I started to answer this questionnaire a week or so ago but left part two for another day. Today feels like that day.
Set II
13. If a crystal ball could tell you the truth about yourself, your life, the future or anything else, what would you want to know? I would want to know when I will die.
14. Is there something that you’ve dreamed of doing for a long time? Why haven’t you done it? Yes, to publish a book or several. I am working on it.
15. What is the greatest accomplishment of your life? My children are mostly grown, and they are mostly whole, good people. I am still married, despite early indications. I am not afraid.
16. What do you value most in a friendship? Love, honesty, loyalty, forgiveness.
17. What is your most treasured memory? Perfect days, spent with people (close family, very close friends) I care about, outside usually. No one memory, although I think of one day when we drove up to Raccoon Mountain, Ben and Katey sat in back of a truck as Joe drove around the reservoir, and we walked in the woods, played baseball on an overgrown diamond, laughed.
18. What is your most terrible memory? When my step-dad lost his temper and spanked me or my middle sister for minor infractions. When he drop-kicked my cat. When my daughter had tubes put in her ears and I took her to the babysitter later that day instead of staying with her. When we left our dog Lucy while on vacation but came home to discover she had been locked in the bathroom for almost a week because no one had checked on her (she was alive, but hungry and dehydrated). When Joe’s mom died from a prescription opiate overdose, his stepdad passed out from prescription painkillers, and I knew nothing would ever be the same.
19. If you knew that in one year you would die suddenly, would you change anything about the way you are now living? Why? Yes. I’d write more instead of steadily pacing. I’d be nicer, make it easier for people to be nice to me. I would not tell anyone of my impending death.
20. What does friendship mean to you?
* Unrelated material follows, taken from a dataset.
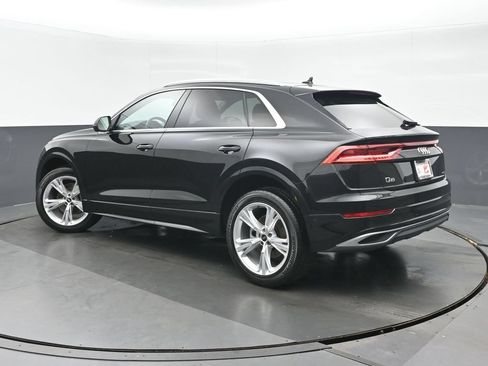 Used 2022 Audi Q8 Premium Plus w/ Premium Plus Package AWD/4WD image 5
Being honest while being forgiving, listening to spoken and unspoken needs, helping through difficult times. Not ever worrying that if you call if it is an inconvenience or unwanted.
21. What roles do love and affection play in your life? Affection — not as much, at least physical displays of affection. Hugs, sweet gestures and the like tend to be limited to responses (will accept hugs), among immediate family, or within the realm of sexual intimacy. Affection is shown in other ways, through small gifts, thoughtful acts. The role of love? I don’t know. I love, am loved.
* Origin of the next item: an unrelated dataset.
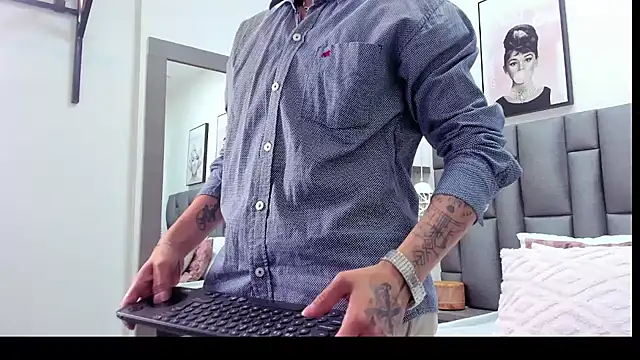 ZoeKrug's Live XXX Chat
22. Alternate sharing something you consider a positive characteristic of your partner. Share a total of five items. 1) Driven to do more, to question status quo, 2) Loves me and our children fiercely, 3) Sexually skilled and dependable, 4) Usually appreciates gestures of love or affection, 5) Will say he’s sorry when he understands that he has hurt someone, 6) Continues to evolve.
23. How close and warm is your family? Do you feel your childhood was happier than most other people’s? I don’t feel like I have a dad, really. I see my stepfather on family birthdays, holidays, Father’s Day, but I am not close with his family. I see my biological father rarely, but he is nice enough, and I was close with my biological parents’ parents. Warm? Never thought of us that way. Childhood was not especially unhappy or tragic, but I’ve never considered it happy. It was lonely, mostly.
24. How do you feel about your relationship with your mother? Good overall. It was never bad, although it was absent when I had moved out but my sisters were younger and still lived at home. I think I have given her more advice about relationships (with friends, spouses, family) than she has given me. She would always get my back. Her intentions sometimes outmatch her execution. We have some similarities in both our physical appearance as well as how we handle certain situations.